§ **ABOUT THIS EXERCISE**
The line with "全面总结AI发展现状和未来趋势" starts the range, and the last line of the listing ends it. Retype that range exactly, without pictures.

*** Block opens ***

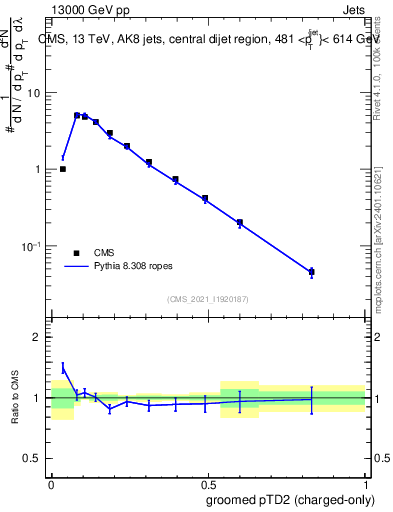 Plot of j.ptd2.gc in 13000 GeV pp collisions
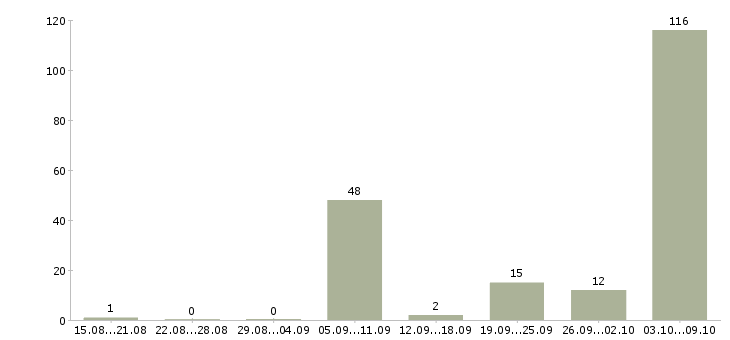Работа воспитатели Татарстан - Число вакансий Татарстан по специальности воспитатели за 2 месяца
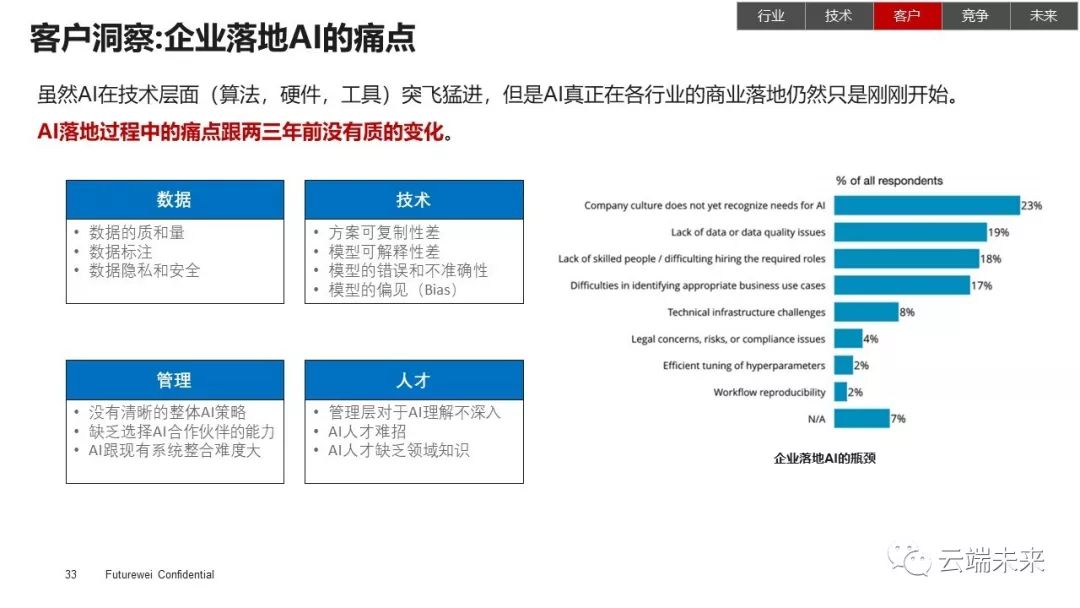 全面总结AI发展现状和未来趋势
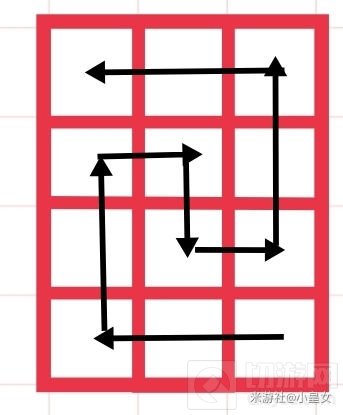 原神清籁旧宝解密怎么做 原神清籁旧宝任务解密顺序攻略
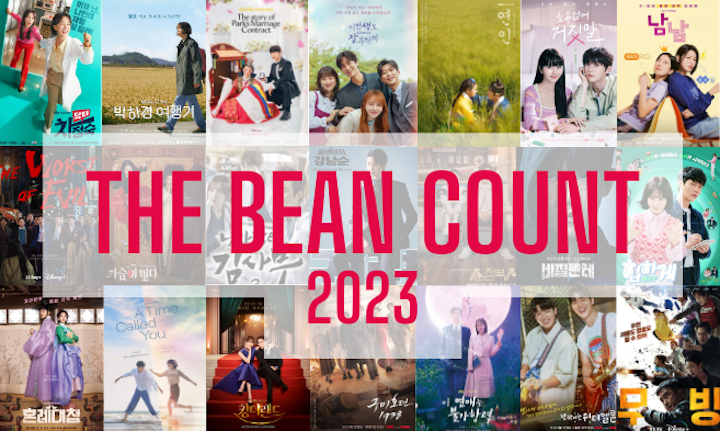 [2023 Year in Review] The Bean Count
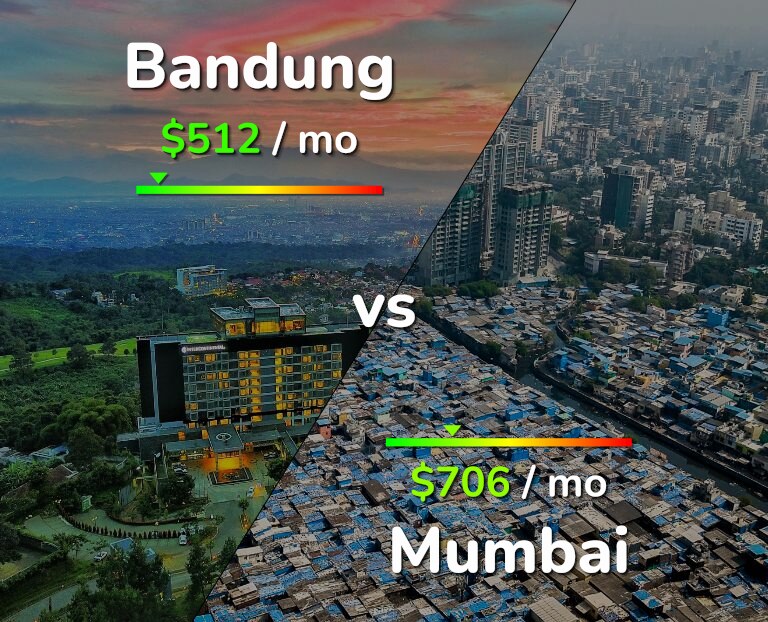 Cost of living in Bandung vs Mumbai infographic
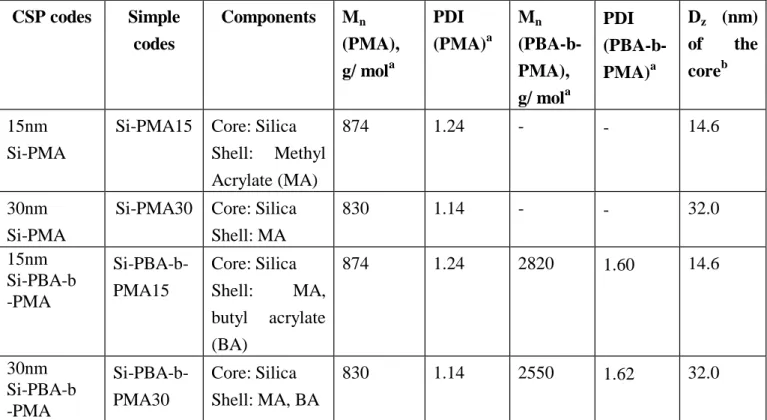 Table  38.  Phase  separation  characteristics  for  St/VER/10%Si-PMA  and  Epoxy/DDM/10%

*** Block closes ***

§ **SOLUTION TO THE PROBLEM**
 全面总结AI发展现状和未来趋势
 原神清籁旧宝解密怎么做 原神清籁旧宝任务解密顺序攻略
 [2023 Year in Review] The Bean Count
 Cost of living in Bandung vs Mumbai infographic
 Table  38.  Phase  separation  characteristics  for  St/VER/10%Si-PMA  and  Epoxy/DDM/10%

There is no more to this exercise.